··· Source data ···
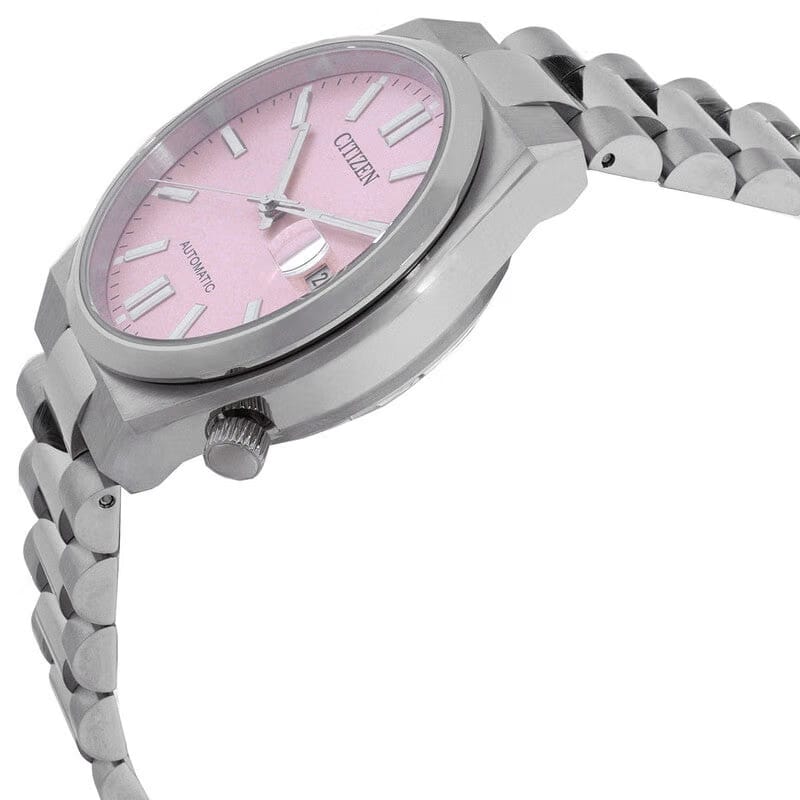 Citizen Tsuyosa Automatic Pastel Pink Dial Watch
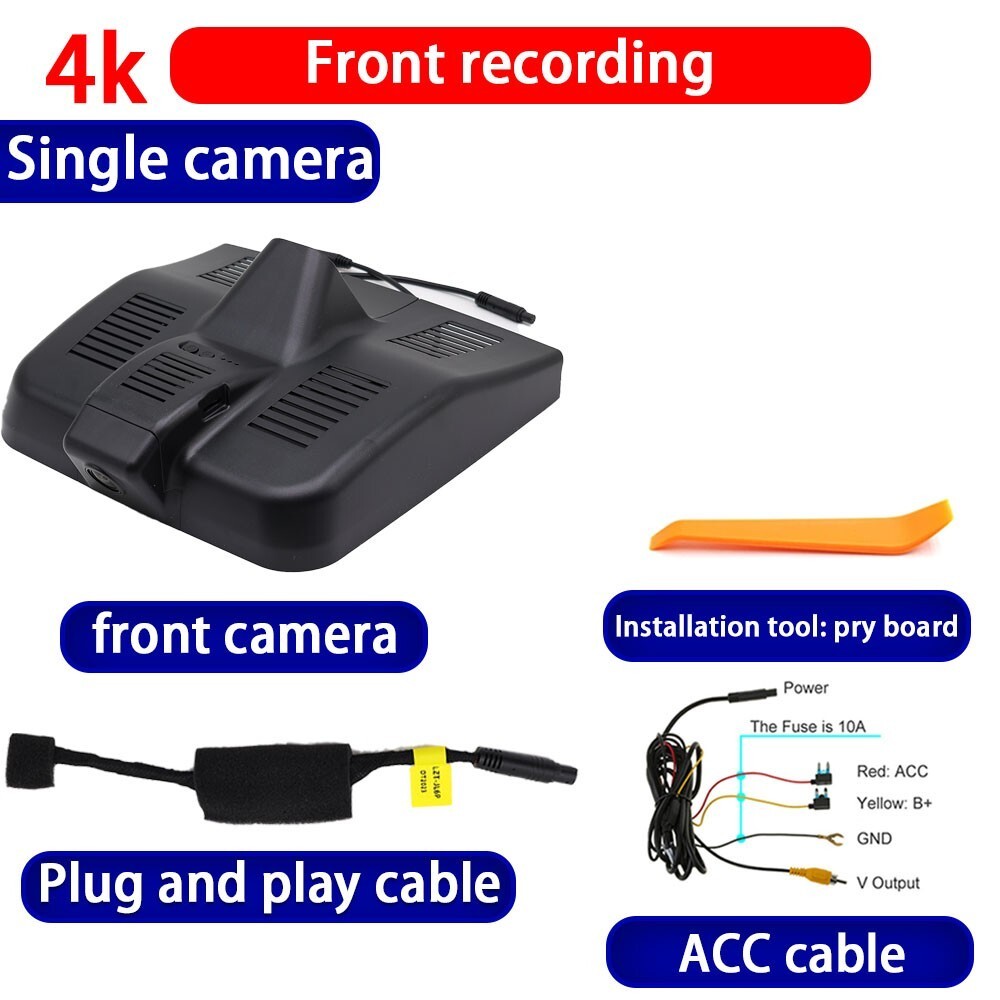 4K Wifi DVR Dash Cam Camera For Geely Coolray Binyue BelGee Proton X50 2018-2025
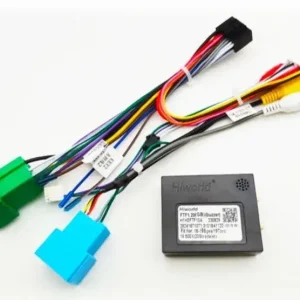 Cablaj dedicat pentru Fiat Ducato 2023 in sus masini cu ecran color de fabrica Plată securizată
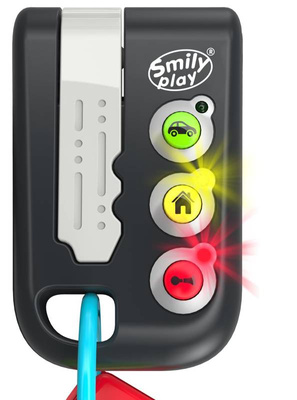 Mówiące Kluczyki Samochodowe Smily Play
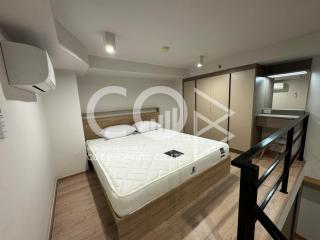 🔥🔥 Duplex type for rent with city view at IDEO Rama 9 - Asoke Condo For Rent [MO3651]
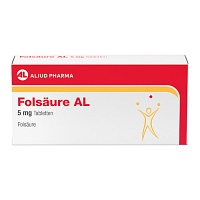 FOLSÄURE AL 5 mg Tabletten - 20Stk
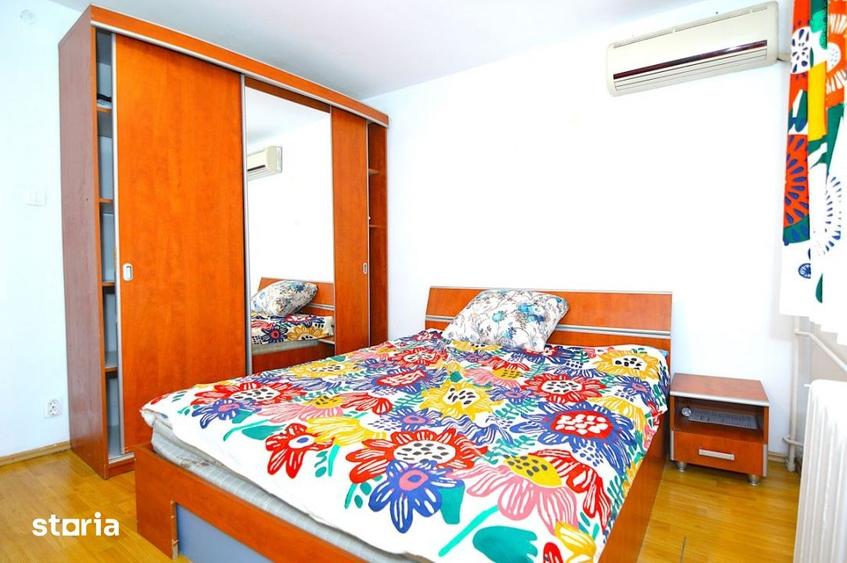 Apartament cu 3 camere decomandat, mobilat în Centrul Civic
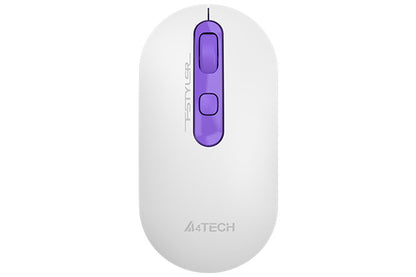 A4TECH FG20 FSTYLER 2.4GHZ WIRELESS OPTICAL MOUSE (GRAY)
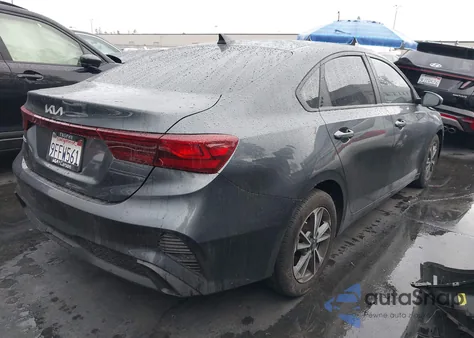 2023 Kia Forte Lxs from USA, damaged, VIN 3KPF24AD1PE603862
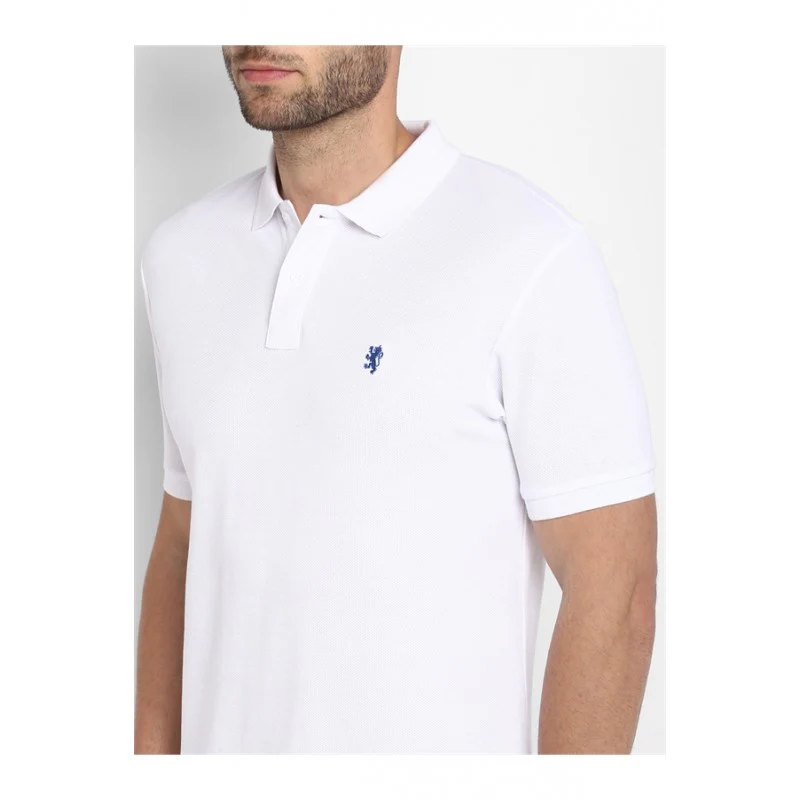 Mens White T Shirt - Image 2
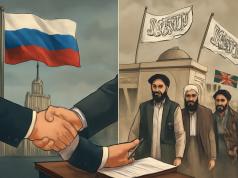 Russia Officially Recognizes Taliban's Government in Afghanistan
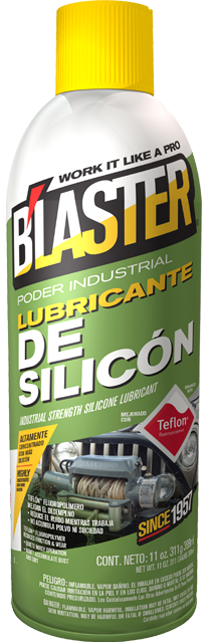 Lubricante Silicón Blaster 16-Sl-Lat - Mi Refacción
···
▶ [Work item]
Apart from the images, print all the material above exactly as given.

▶ [Reply]
 Citizen Tsuyosa Automatic Pastel Pink Dial Watch
 4K Wifi DVR Dash Cam Camera For Geely Coolray Binyue BelGee Proton X50 2018-2025
 Cablaj dedicat pentru Fiat Ducato 2023 in sus masini cu ecran color de fabrica Plată securizată
 Mówiące Kluczyki Samochodowe Smily Play
 🔥🔥 Duplex type for rent with city view at IDEO Rama 9 - Asoke Condo For Rent [MO3651]
 FOLSÄURE AL 5 mg Tabletten - 20Stk
 Apartament cu 3 camere decomandat, mobilat în Centrul Civic
 A4TECH FG20 FSTYLER 2.4GHZ WIRELESS OPTICAL MOUSE (GRAY)
 2023 Kia Forte Lxs from USA, damaged, VIN 3KPF24AD1PE603862
 Mens White T Shirt - Image 2
 Russia Officially Recognizes Taliban's Government in Afghanistan
 Lubricante Silicón Blaster 16-Sl-Lat - Mi Refacción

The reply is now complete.